Gist of Go: Wait groups

This is a chapter from my book on Go concurrency, which teaches the topic from the ground up through interactive examples.

Channels are a multi-purpose concurrency tool in Go. In Part 1 of the book, we covered their main use cases:

  • Transferring data between goroutines.
  • Synchronizing goroutines (the done channel).
  • Canceling goroutines (the cancel channel).

Transferring data is what channels were designed for, and they excel at it. For canceling goroutines, there is a special tool besides channels — a context (which we've also discussed). For synchronizing goroutines, there is also a special tool — a wait group. Let's talk about it.

Wait group

A wait group lets you wait for one or more goroutines to finish. We started with a wait group in the very first chapter on goroutines, and now we'll go into more detail.

Suppose we want to start a goroutine and wait for it to complete. Here's how to do it with a done channel:

func main() {
    done := make(chan struct{}, 1)

    go func() {
        time.Sleep(50 * time.Millisecond)
        fmt.Print(".")
        done <- struct{}{}
    }()

    <-done
    fmt.Println("done")
}
.done

And here's how to do it with a wait group:

func main() {
    var wg sync.WaitGroup

    wg.Add(1)
    go func() {
        time.Sleep(50 * time.Millisecond)
        fmt.Print(".")
        wg.Done()
    }()

    wg.Wait()
    fmt.Println("done")
}
.done

Interestingly, a WaitGroup doesn't know anything about the goroutines it manages. It works with an internal counter. Calling wg.Add(1) increments the counter by one, while wg.Done() decrements it. wg.Wait() blocks the calling goroutine (in this case, main) until the counter reaches zero. So, main() waits for the called goroutine to finish before exiting.

Typically, if you just need to wait for goroutines to complete without needing a result from them, you use a wait group instead of a done channel.

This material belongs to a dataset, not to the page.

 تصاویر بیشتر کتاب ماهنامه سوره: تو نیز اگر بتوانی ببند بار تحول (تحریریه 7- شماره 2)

✎ Exercise: From channel to wait group

Practice is crucial in turning abstract knowledge into skills, making theory alone insufficient. The full version of the book contains a lot of exercises — that's why I recommend getting it.

If you are okay with just theory for now, let's continue.

Inner world

As we discussed, the wait group knows nothing about goroutines and works with a counter instead. This simplifies the implementation a lot. Conceptually, you can think of the wait group like this:

// A WaitGroup waits for a collection of goroutines to finish.
type WaitGroup struct {
    n int
}

// Add adds delta to the WaitGroup counter.
func (wg *WaitGroup) Add(delta int) {
    wg.n += delta
    if wg.n < 0 {
        panic("negative counter")
    }
}

// Done decrements the WaitGroup counter by one.
func (wg *WaitGroup) Done() {
    wg.Add(-1)
}

// Wait blocks until the WaitGroup counter is zero.
func (wg *WaitGroup) Wait() {
    for wg.n > 0 {
    }
}
func main() {
    var wg WaitGroup

    wg.Add(1)
    go func() {
        time.Sleep(50 * time.Millisecond)
        fmt.Print(".")
        wg.Done()
    }()

    wg.Wait()
    fmt.Println("done")
}
.done

Of course, in practice it's more complicated :

  • All methods can be called concurrently from multiple goroutines. Modifying the shared variable n from multiple goroutines is unsafe — concurrent access can corrupt data (we'll talk more about this in the chapter on data races).
  • A loop-based Wait implementation will max out a CPU core until the loop finishes (this type of waiting is also known as busy waiting). Such code is strongly discouraged in production.

However, our naive implementation shows the properties of a wait group that are also present in the actual sync.WaitGroup:

  • Add increments or decrements (if delta < 0) the counter. Positive deltas are much more common, but technically nothing prevents you from calling Add(-1).
  • Wait blocks execution until the counter reaches 0. So if you call Wait before the first Add, the goroutine won't block.
  • After Wait completes, the wait group returns to its initial state (counter is 0). You can then reuse it.

Value vs. pointer

Another important implementation nuance: you should pass the wait group as a pointer (*WaitGroup), not as a value (WaitGroup). Otherwise, each recipient will get its own copy with a duplicate counter, and synchronization won't work.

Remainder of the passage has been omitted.